(Captioned web images)
* * * *

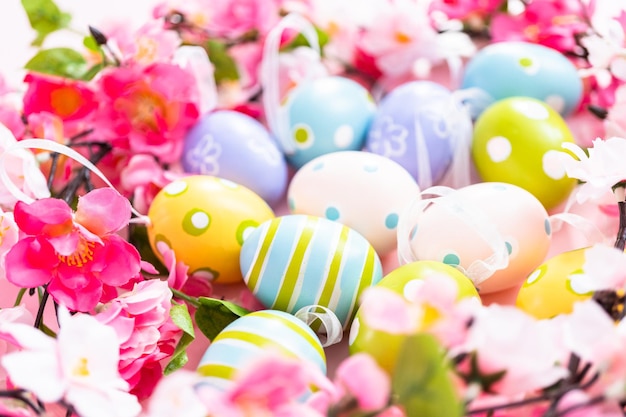 Easter eggs and pink flowers on a pink backgorund.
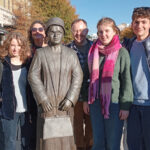 Students from The King Alfred School Sixth Form stand next to a statue of African American activist Rosa Parks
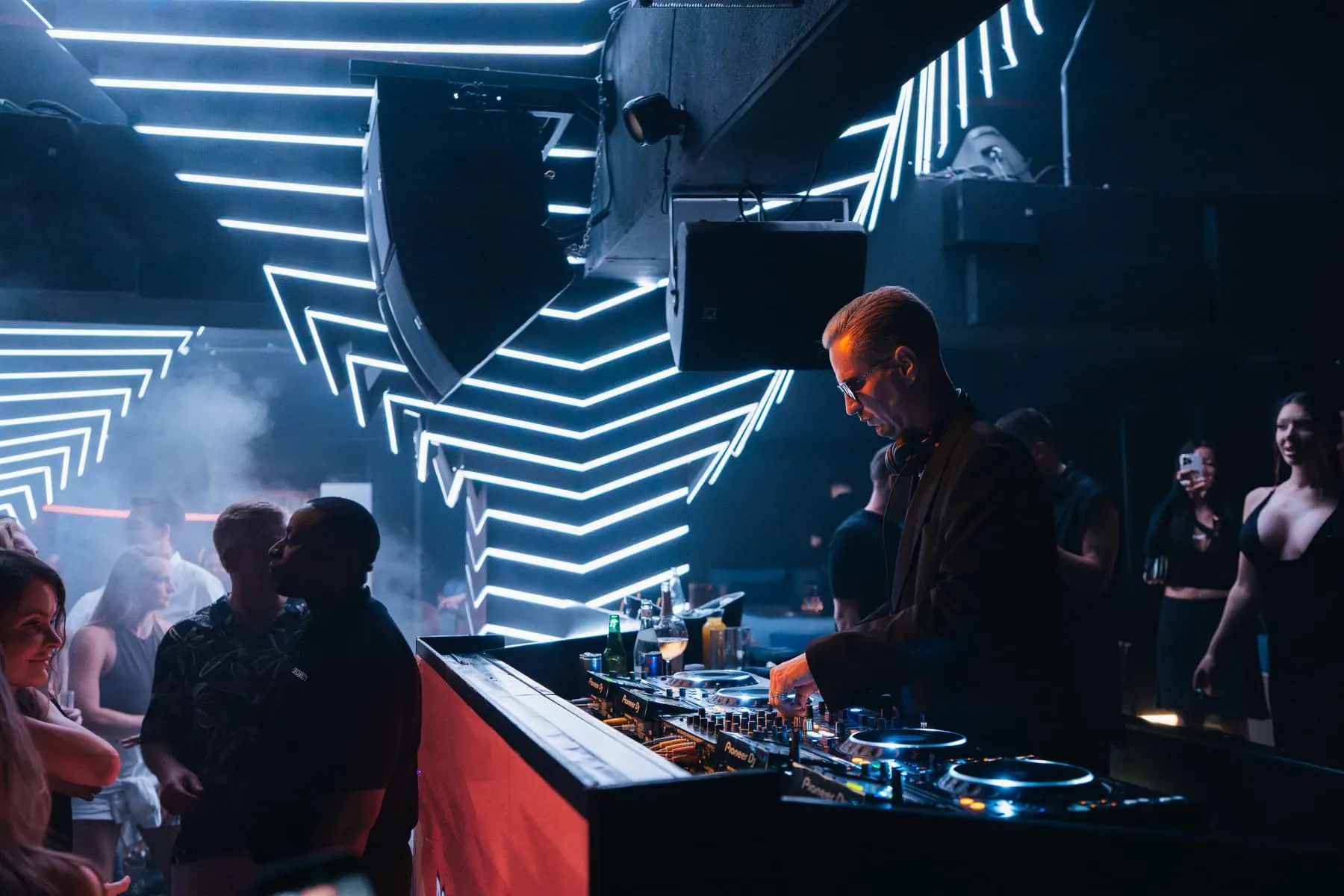 DJ booth under a geometric LED ceiling installation — FIVE Penthouse — Robin Schulz, Dubai — Agency Verse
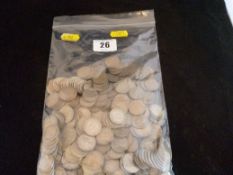 A large parcel of British silver sixpence pieces, 1,030 grms (33 ozs).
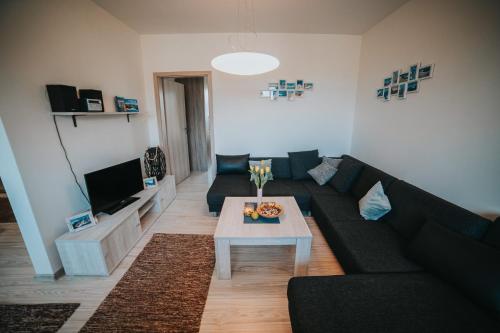 a living room with a black couch and a table at Apartmán Tatranská Lomnica in Tatranská Lomnica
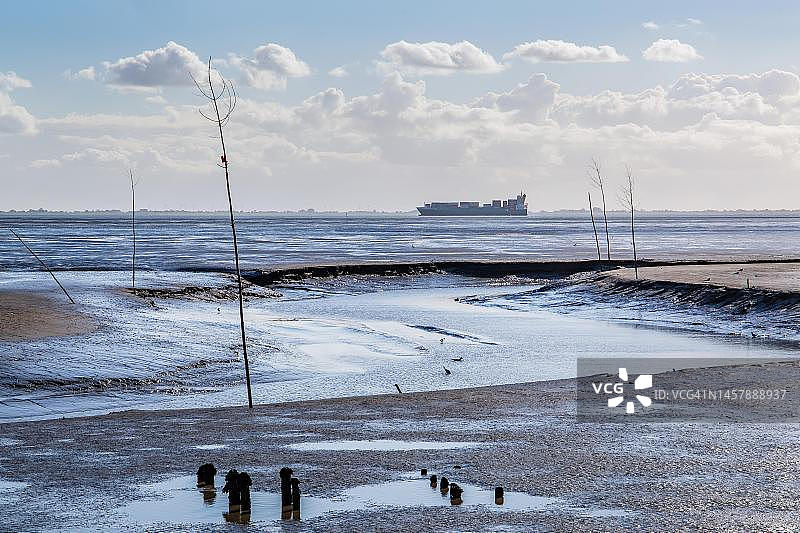 威悉河口的瓦登海潮汐小溪与集装箱船，德国下萨克森州图片素材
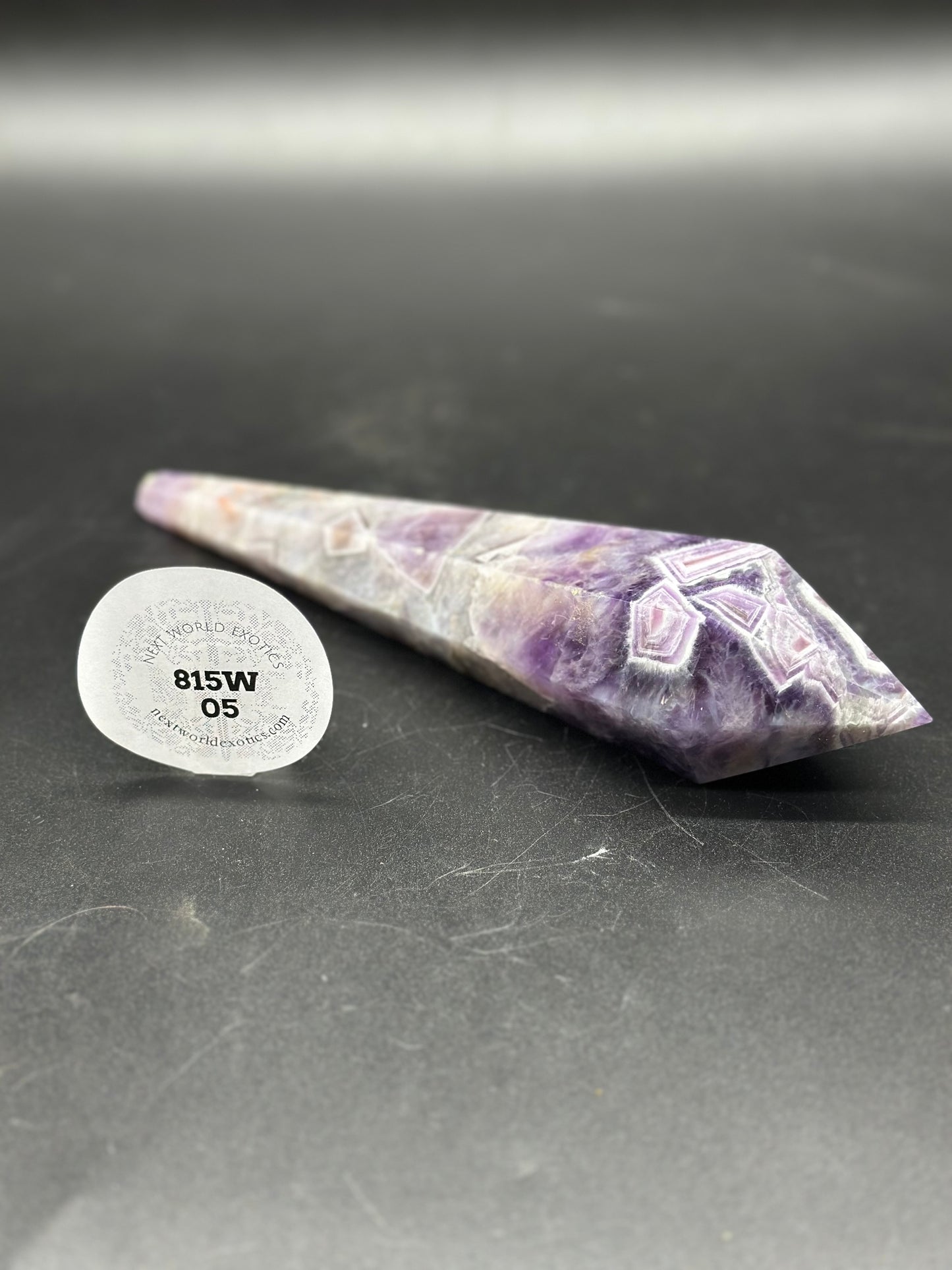 Dream Amethyst Scepter (815W05) featuring a pointy purple and white crystal, accompanied by a white sticker with black text and numbers.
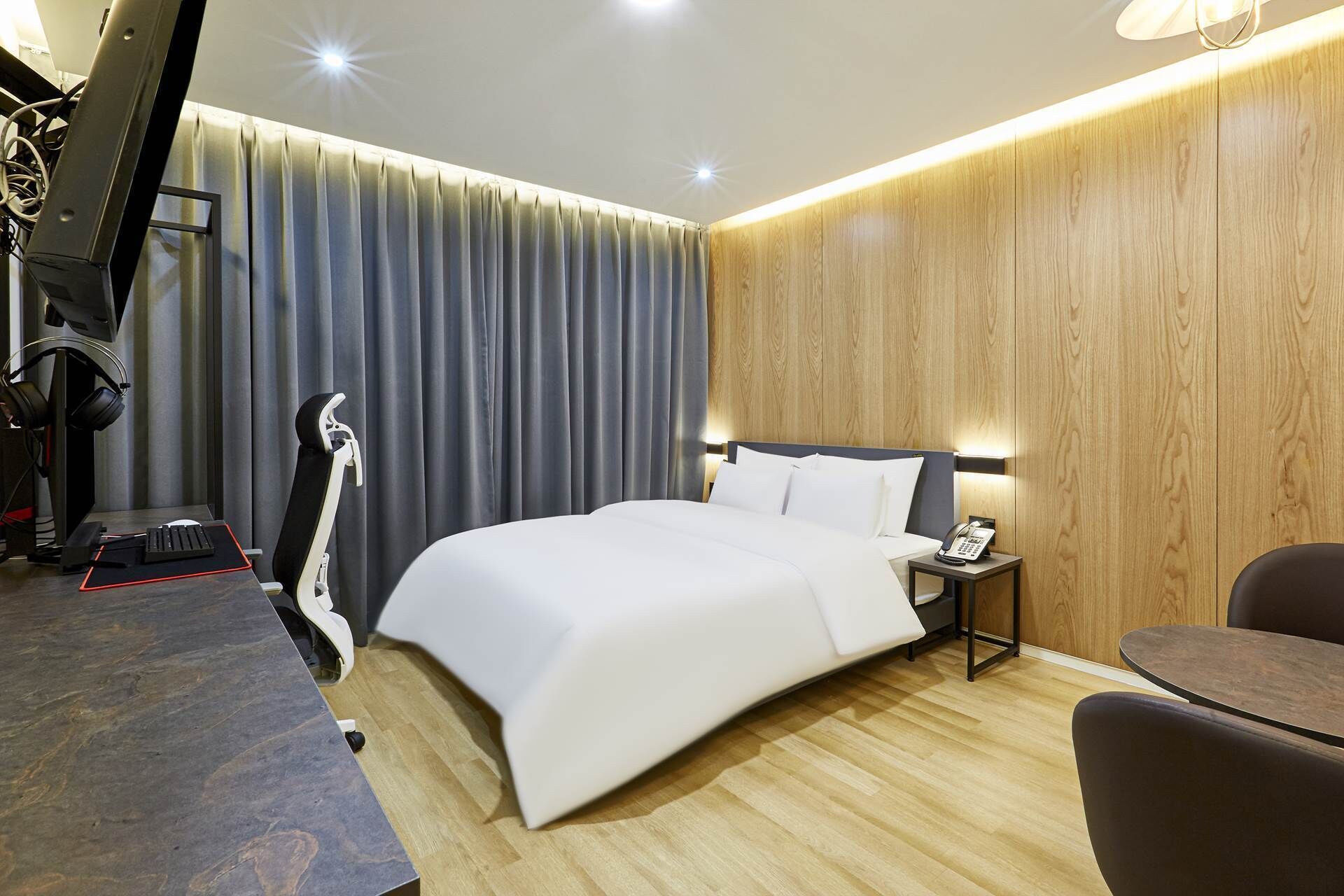 Une chambre d’hôtel moderne, dotée d’un grand lit, d’un bureau avec un ordinateur et des écouteurs, d’une chaise et d’une petite table.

* * * *

WHAT YOU ARE ASKED TO DO — Reproduce the data above exactly, but only from the line containing "DJ booth under" through the line containing "A large parcel"; skip the pictures.

ANSWER FOR THE TASK —
 DJ booth under a geometric LED ceiling installation — FIVE Penthouse — Robin Schulz, Dubai — Agency Verse
 A large parcel of British silver sixpence pieces, 1,030 grms (33 ozs).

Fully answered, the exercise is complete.